In the meantime, we'd have to make do with the dress-up box.
I
loved playing make-believe, but I was always acutely aware that it was
a game. I was swimming in those clothes, after all. Half the time, we
probably looked like participants in a very strange potato sack race.
Eventually, though, we just knew we'd grow into those clothes – and
into the mature women we saw at the Captain's table.
Well,
I'm finally “older,” but those clothes aren't any more natural on me
now. At the club the other night, I fretted that my skirt was too
dated. For one thing, it covered my butt, which meant it was by far one
of the longest skirts in the bar. I also doubted my choice of earrings.
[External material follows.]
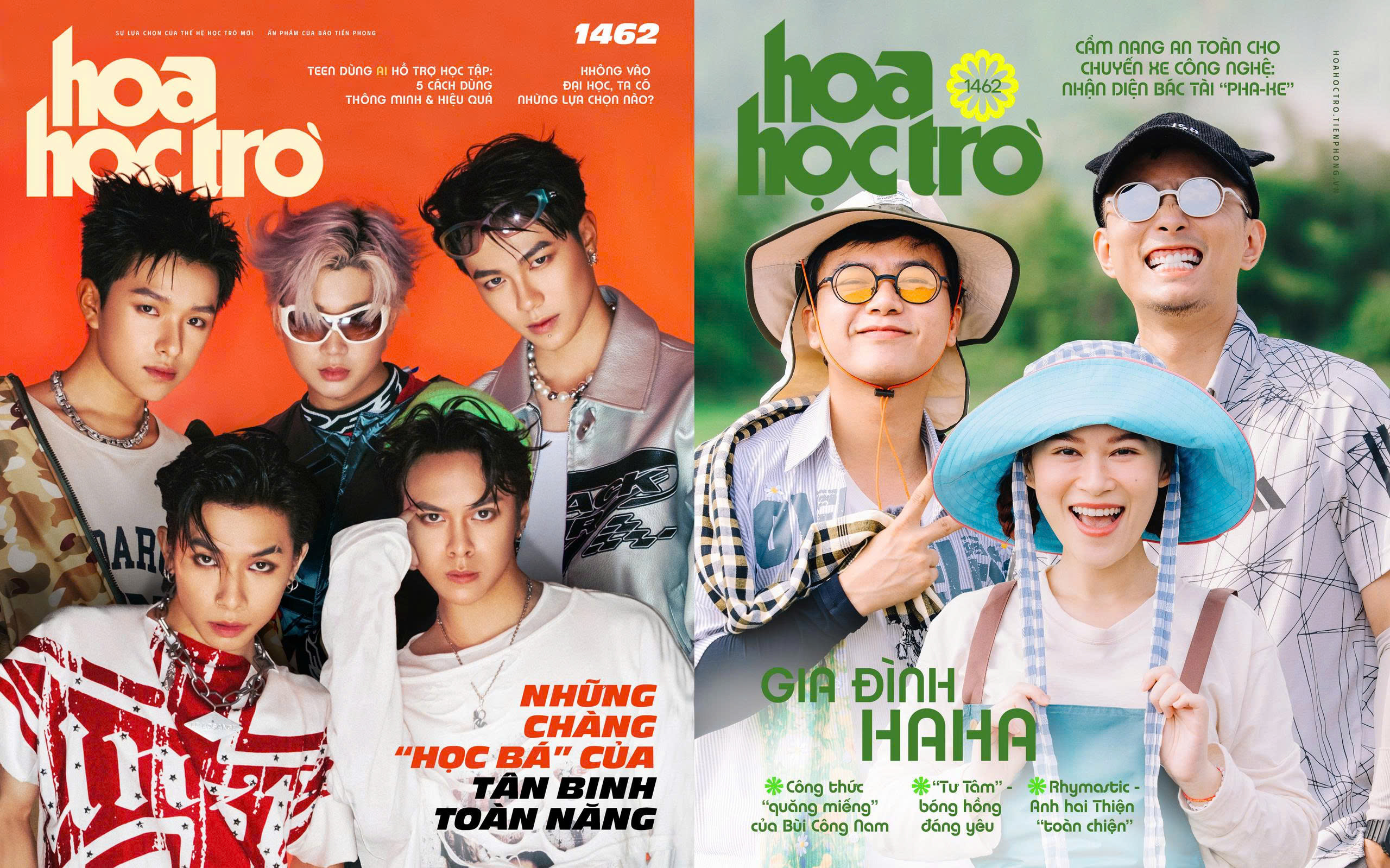 Hoa Học Trò - Số 1462 - Điểm Danh Những Chàng "Học Bá" Của Tân Binh Toàn Năng - Ảnh 2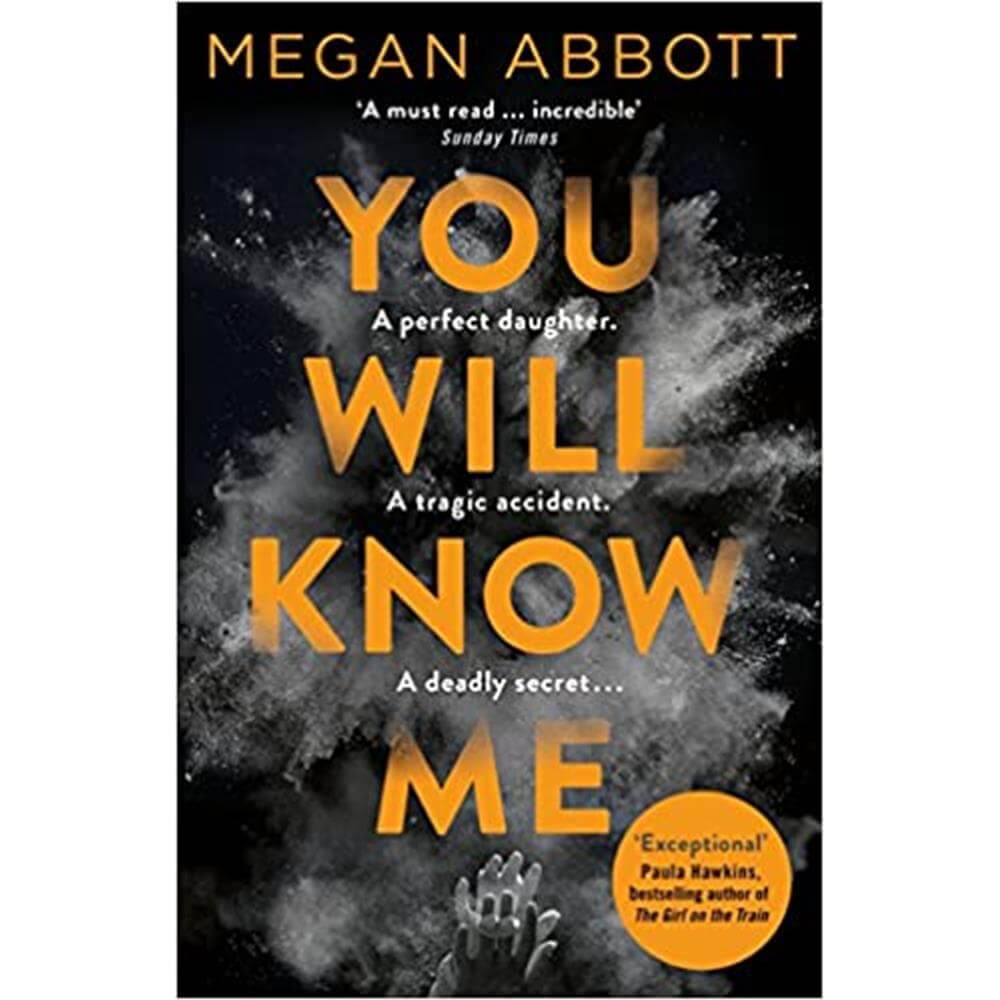 You Will Know Me By Megan Abbott (Paperback)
And my Spanx struggled to suck in that enormous dinner we all wolfed
down earlier.
Too self-conscious to get up from the table,
I watched some of the other women walk by – the ones who looked dressed
to kill, and the ones who looked as though they had killed their own
dress. It struck me that many of us – maybe most of us – still feel
like we're playing dress-up when we wiggle into formal gowns and
nightclub wear.
No matter how good they looked, women
tugged at their hems and applied coat after coat of lip gloss. They
shifted their weight in a silent complaint about their high heels.
Is
this really all there is to adulthood? I think the reptilian part of my
brain still believed that truly “grown-up” women dress in formal wear
at all times and always look perfectly put together. But reality caught
up with me that night: The women on “The Love Boat” probably slipped
into sweatpants at the end of the evening.
I got home after
2 a.m., peeled off my heels and snuck as quietly in the house as I
could so as not to wake up Hubby and Zev. When I woke up the next
morning, I found my clothes piled on the floor. They reeked of
cigarette smoke and sweat, and they looked more like they'd been thrown
away than removed.
Looking at them, I smiled. All these
years later I figured out how Sarah's mom chose which clothes to toss
in the dress-up box. It probably had nothing to do with fashion or how
worn out the clothes were. It was probably much more psychological than
that.
At the end of a night on the town, she probably
tossed the outfits that made her feel as though she was wearing
somebody else's clothes.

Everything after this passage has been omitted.